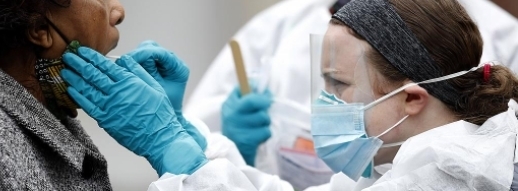 İlk Belirtisi Değişti Sizde de Varsa Doktora Gidin galerisi resim 5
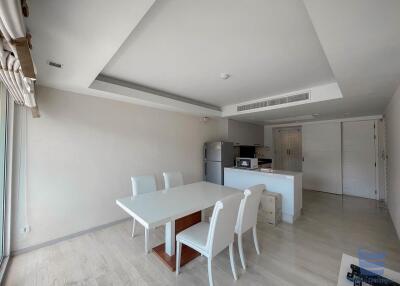 [Property ID: 100-113-20681] 3 Bedrooms 3 Bathrooms Size 142.15Sqm At Preen By Sansiri for Sale 26500000 THB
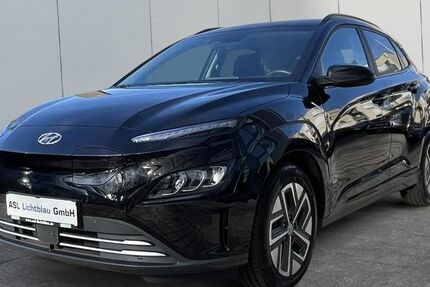 Hyundai KONA 37.251 km 22.990 &euro; Teltow 14513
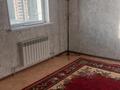 3-комнатная квартира · 90 м² · 7/12 этаж, 9 40/4 — Акиматқа қарама қарсы орналасқан за 150 000 ₸ в Туркестане — фото 8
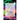 7 Spirits Of God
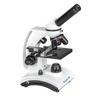 Microscop Delta Optical BioLight 300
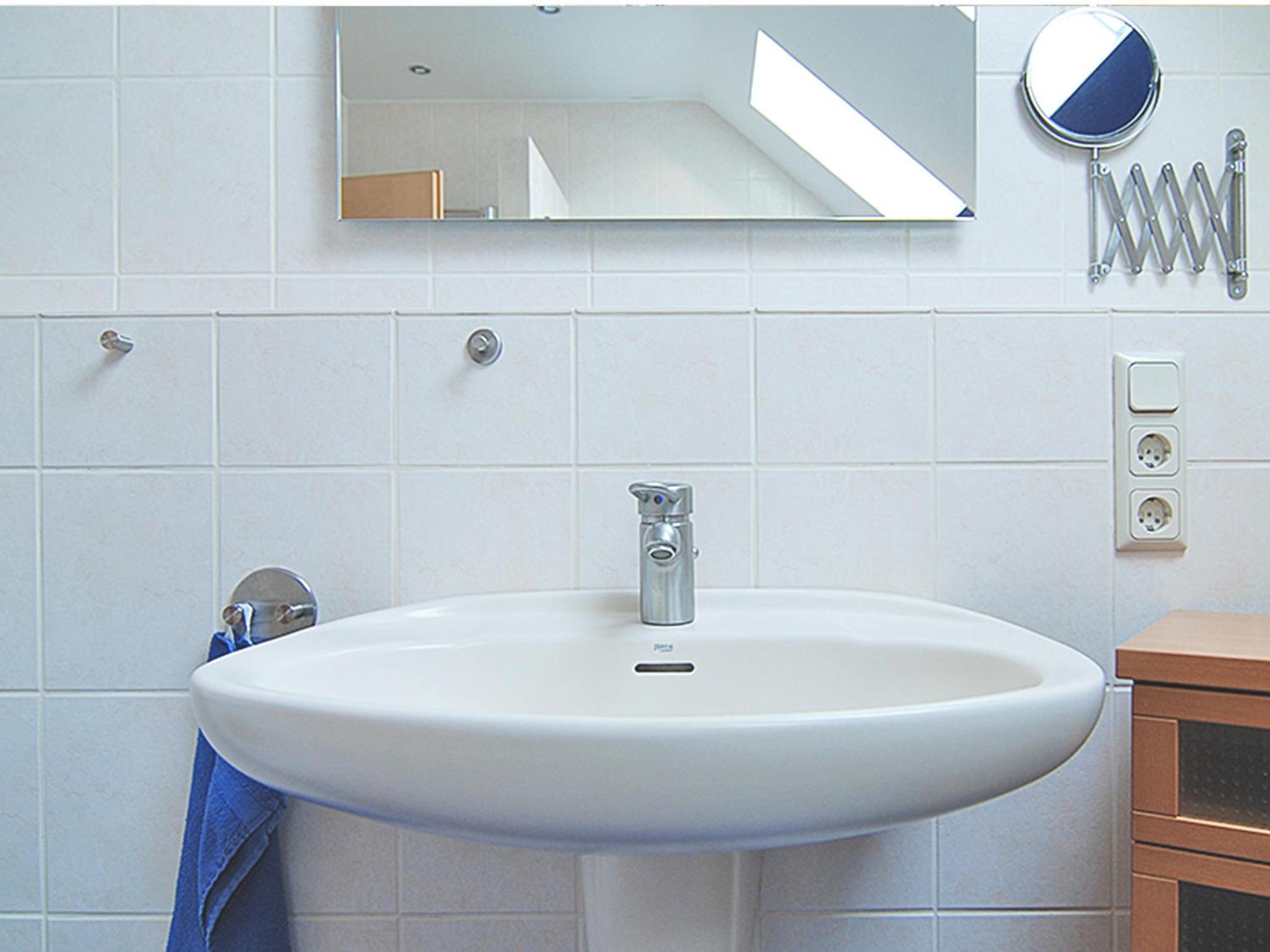 Ferienweingut Luetz Apartamento Pünderich Quarto foto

» WHAT IS REQUIRED:
The images in the entries above should be left out; please reproduce exactly the lines from the first through the one containing "Microscop Delta Optical BioLight 300".

» EXPECTED ANSWER:
 İlk Belirtisi Değişti Sizde de Varsa Doktora Gidin galerisi resim 5
 [Property ID: 100-113-20681] 3 Bedrooms 3 Bathrooms Size 142.15Sqm At Preen By Sansiri for Sale 26500000 THB
 Hyundai KONA 37.251 km 22.990 &euro; Teltow 14513
 3-комнатная квартира · 90 м² · 7/12 этаж, 9 40/4 — Акиматқа қарама қарсы орналасқан за 150 000 ₸ в Туркестане — фото 8
 7 Spirits Of God
 Microscop Delta Optical BioLight 300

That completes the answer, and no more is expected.